Short web captions
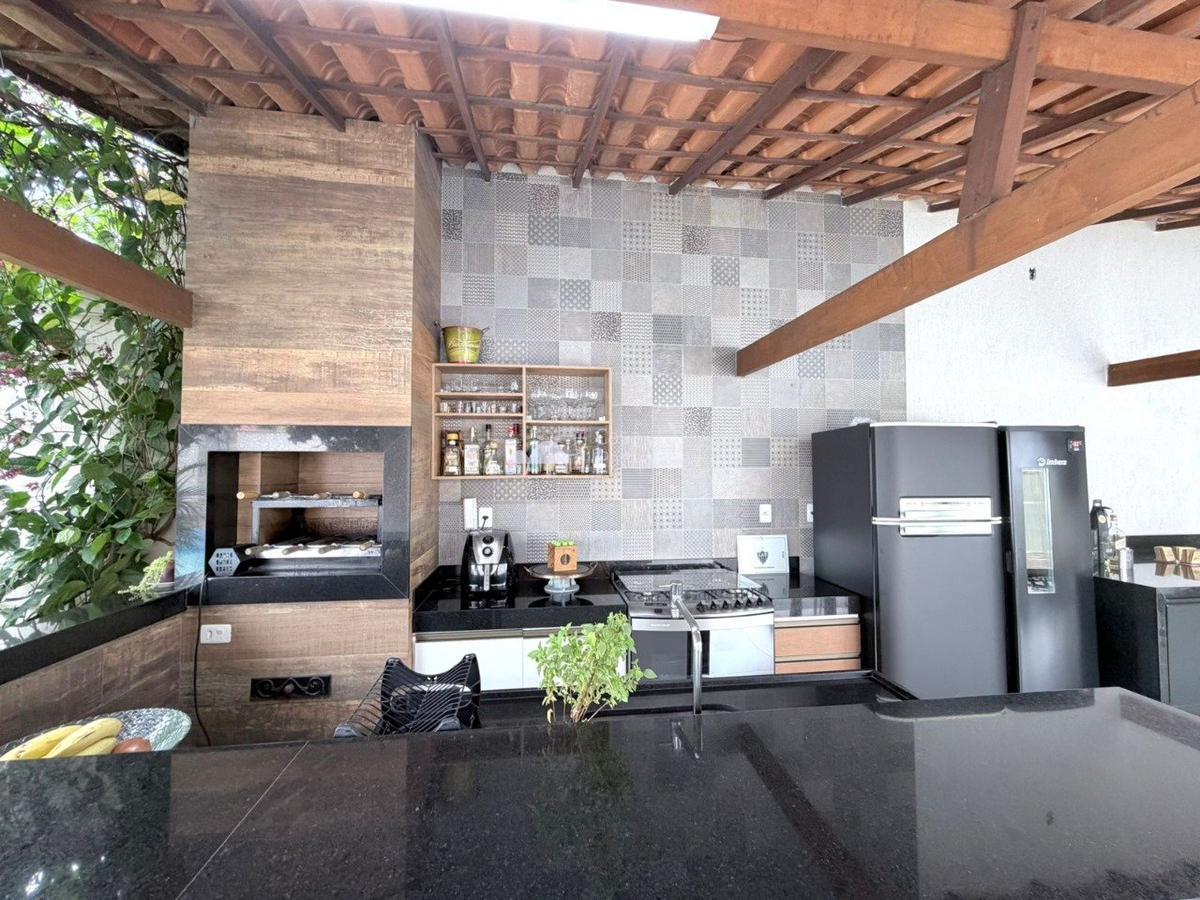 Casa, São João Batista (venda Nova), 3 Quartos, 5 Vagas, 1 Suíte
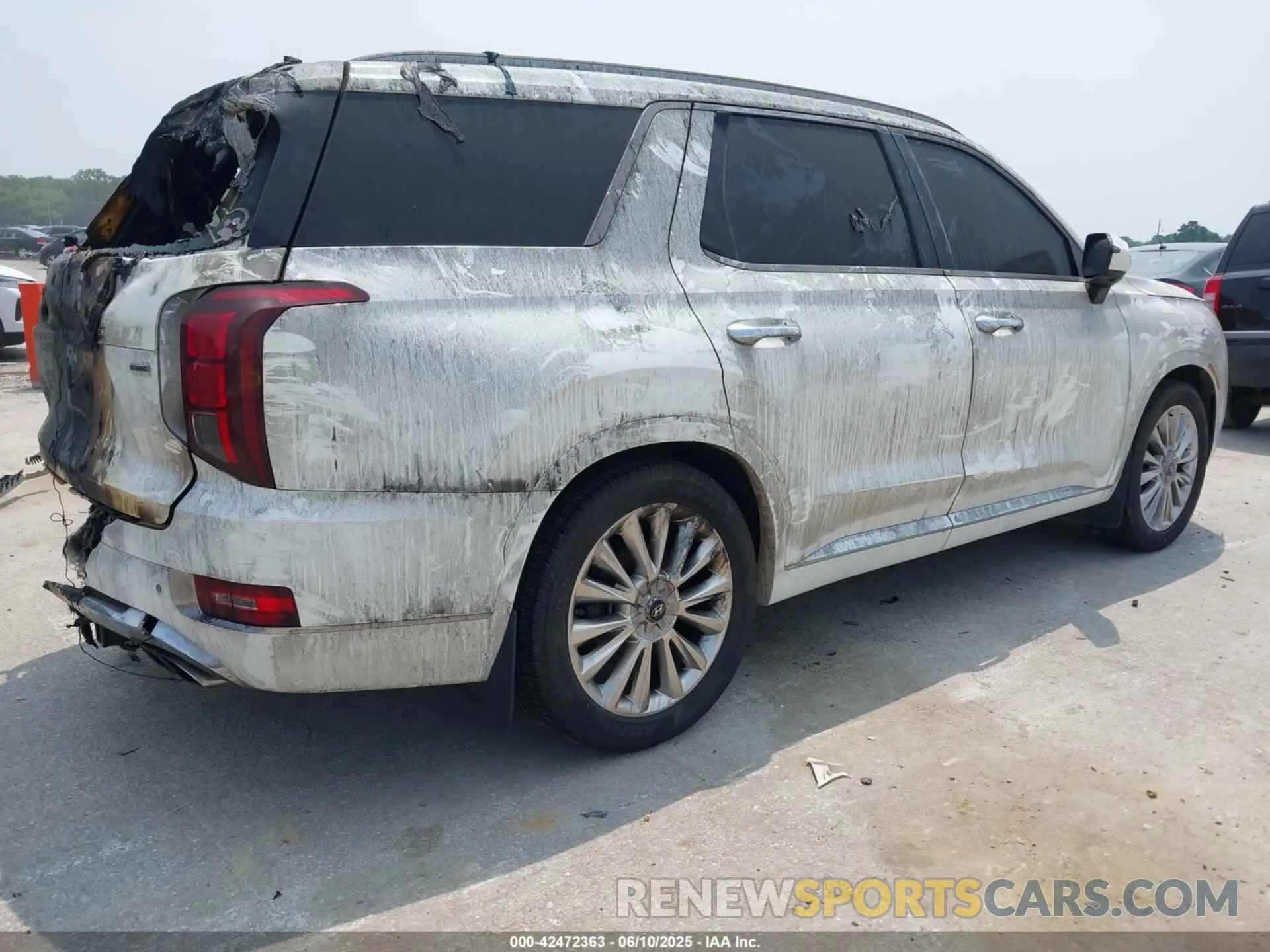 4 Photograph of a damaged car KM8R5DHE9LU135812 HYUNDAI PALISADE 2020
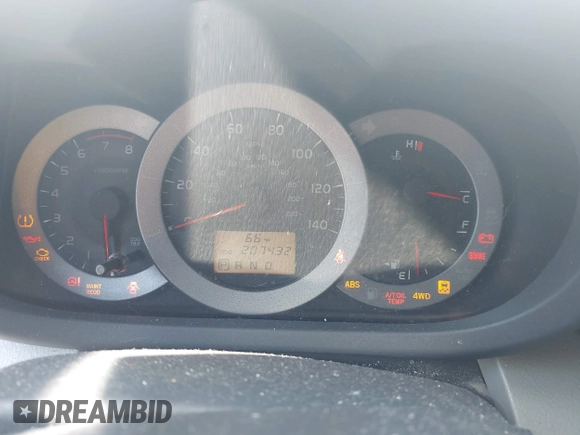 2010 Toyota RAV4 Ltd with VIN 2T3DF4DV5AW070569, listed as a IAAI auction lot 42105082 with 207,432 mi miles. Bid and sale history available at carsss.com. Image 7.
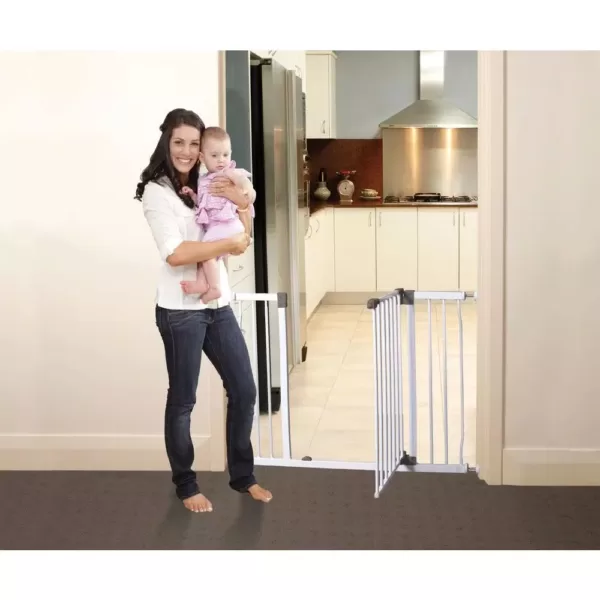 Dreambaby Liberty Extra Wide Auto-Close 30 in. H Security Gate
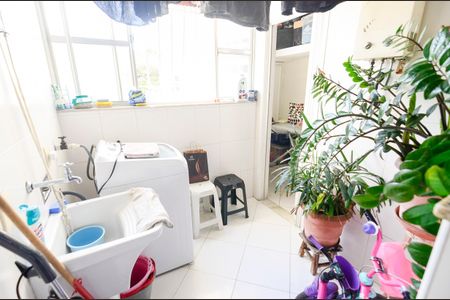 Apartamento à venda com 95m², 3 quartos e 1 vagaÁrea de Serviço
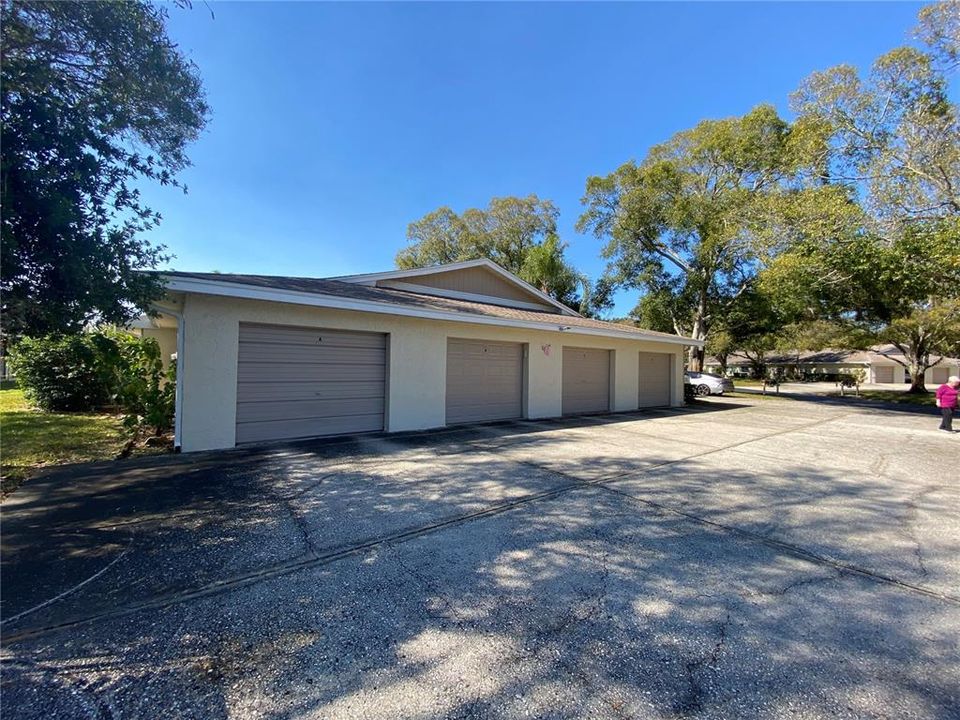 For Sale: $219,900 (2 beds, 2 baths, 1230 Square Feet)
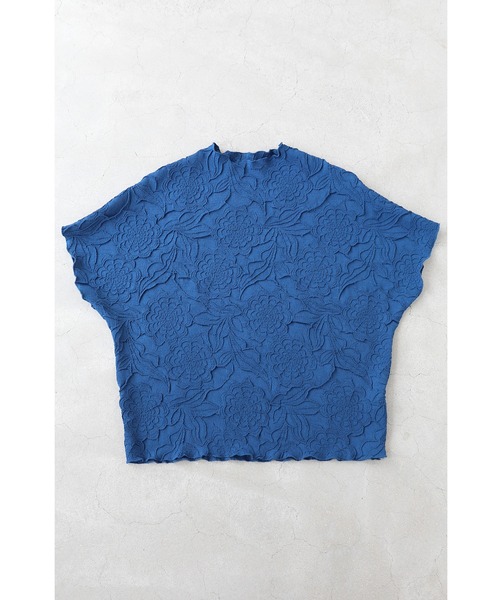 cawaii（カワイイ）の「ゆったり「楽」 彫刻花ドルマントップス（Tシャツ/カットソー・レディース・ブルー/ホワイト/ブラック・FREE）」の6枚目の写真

* _Exercise instructions_
From the line that includes "Apartamento à venda" on down to the last line of the entries above, set down each line exactly, leaving out the pictures.

* _Task result_
 Apartamento à venda com 95m², 3 quartos e 1 vagaÁrea de Serviço
 For Sale: $219,900 (2 beds, 2 baths, 1230 Square Feet)
 cawaii（カワイイ）の「ゆったり「楽」 彫刻花ドルマントップス（Tシャツ/カットソー・レディース・ブルー/ホワイト/ブラック・FREE）」の6枚目の写真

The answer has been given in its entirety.